= Aicha Bassarewan =

East Timorese politician

Aicha Binte Umar Bassarewan (Arabic: عائشة بنت عمر باشروان) is an East Timorese politician who was Vice-Minister of Planning and Finance in the National Parliament of East Timor from 2002 to 2007. She is a member of the FRETILIN party.

== Career ==
Bassareawan attended Liceu Dr. Francisco Machado, and completed a master's degree at the National University of East Timor (UNTL). During the Indonesian occupation, she was a founding member of the Popular Organisation of East Timorese Women (OPMT), and one of the volunteer teachers who taught literacy to adults and children, as well as revolutionary ideas.

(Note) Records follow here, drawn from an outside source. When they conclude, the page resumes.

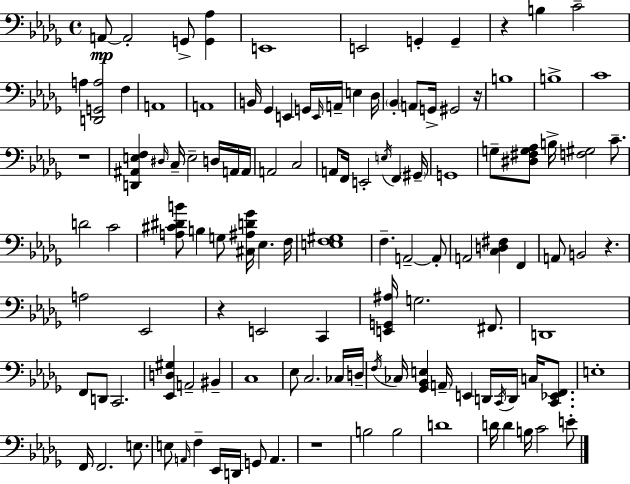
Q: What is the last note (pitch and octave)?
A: E4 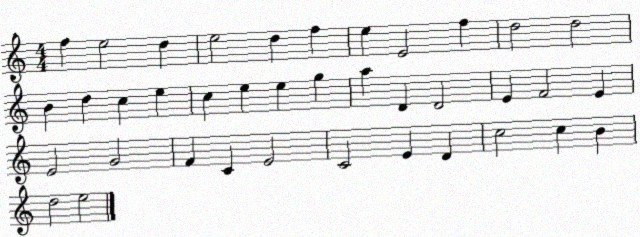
X:1
T:Untitled
M:4/4
L:1/4
K:C
f e2 d e2 d f e E2 f d2 d2 B d c e c e e g a D D2 E F2 E E2 G2 F C E2 C2 E D c2 c B d2 e2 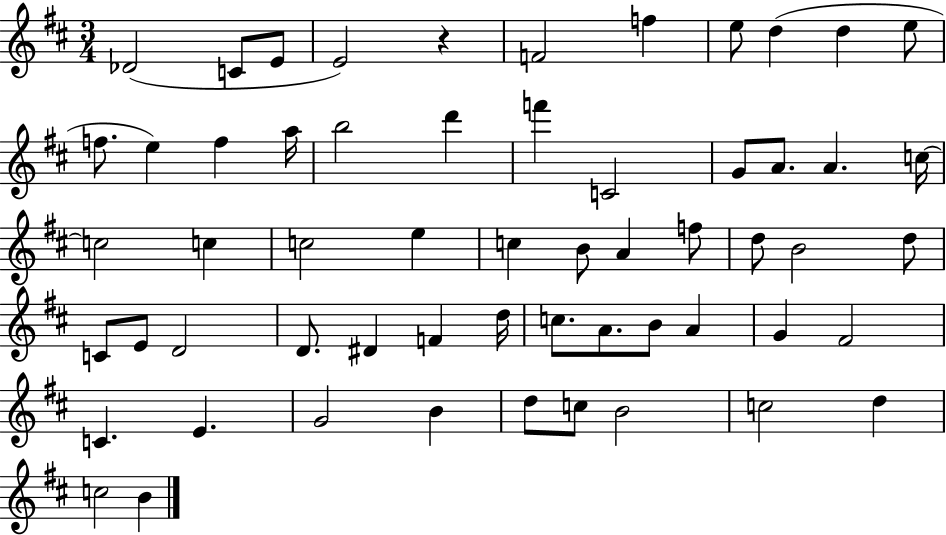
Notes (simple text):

Db4/h C4/e E4/e E4/h R/q F4/h F5/q E5/e D5/q D5/q E5/e F5/e. E5/q F5/q A5/s B5/h D6/q F6/q C4/h G4/e A4/e. A4/q. C5/s C5/h C5/q C5/h E5/q C5/q B4/e A4/q F5/e D5/e B4/h D5/e C4/e E4/e D4/h D4/e. D#4/q F4/q D5/s C5/e. A4/e. B4/e A4/q G4/q F#4/h C4/q. E4/q. G4/h B4/q D5/e C5/e B4/h C5/h D5/q C5/h B4/q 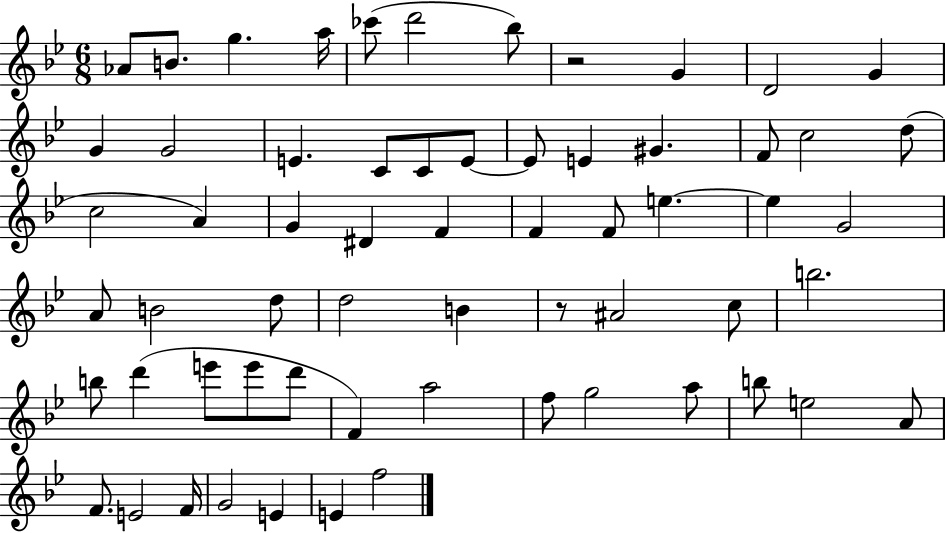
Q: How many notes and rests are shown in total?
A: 62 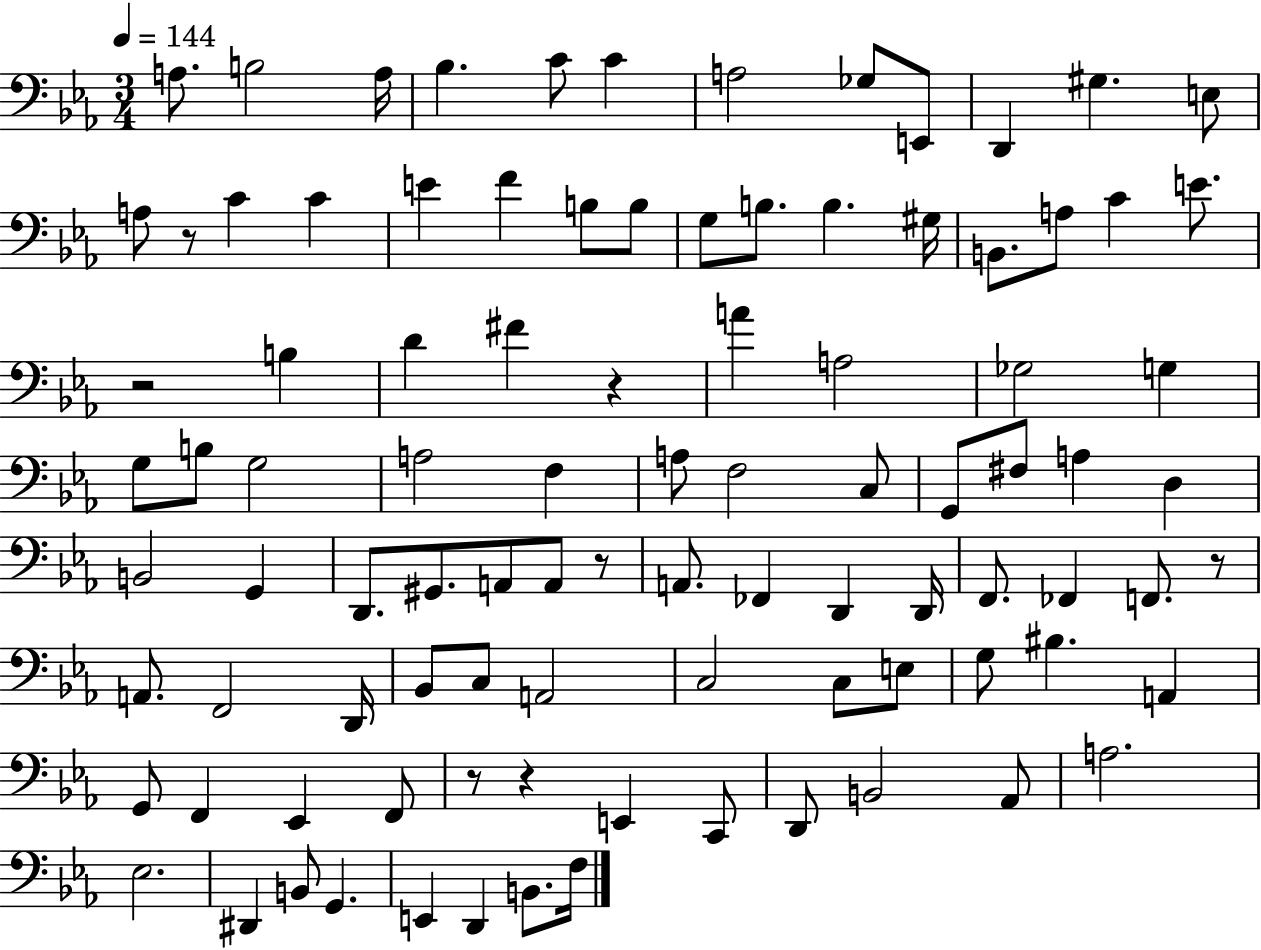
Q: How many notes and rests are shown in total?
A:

From 20 May 2002 to 8 August 2007, Bassarewan was Vice Minister of Planning and Finance. From 2009 to 2012, she was a deputy for Ana Pessoa Pinto MP, and a member of Standing Committee C, the Commission for Economic Affairs, Finance and Anti-Corruption.

As of 2019, Bassarewan is non-executive member of the Board of Governors of the Central Bank of East Timor.

== Publications ==
- 2010 'The teaching and the learning of reading in the first years of schooling in East Timor', co-author Simone Michelle Silvestre. In Educação e Pesquisa, Vol. 36 No. 2.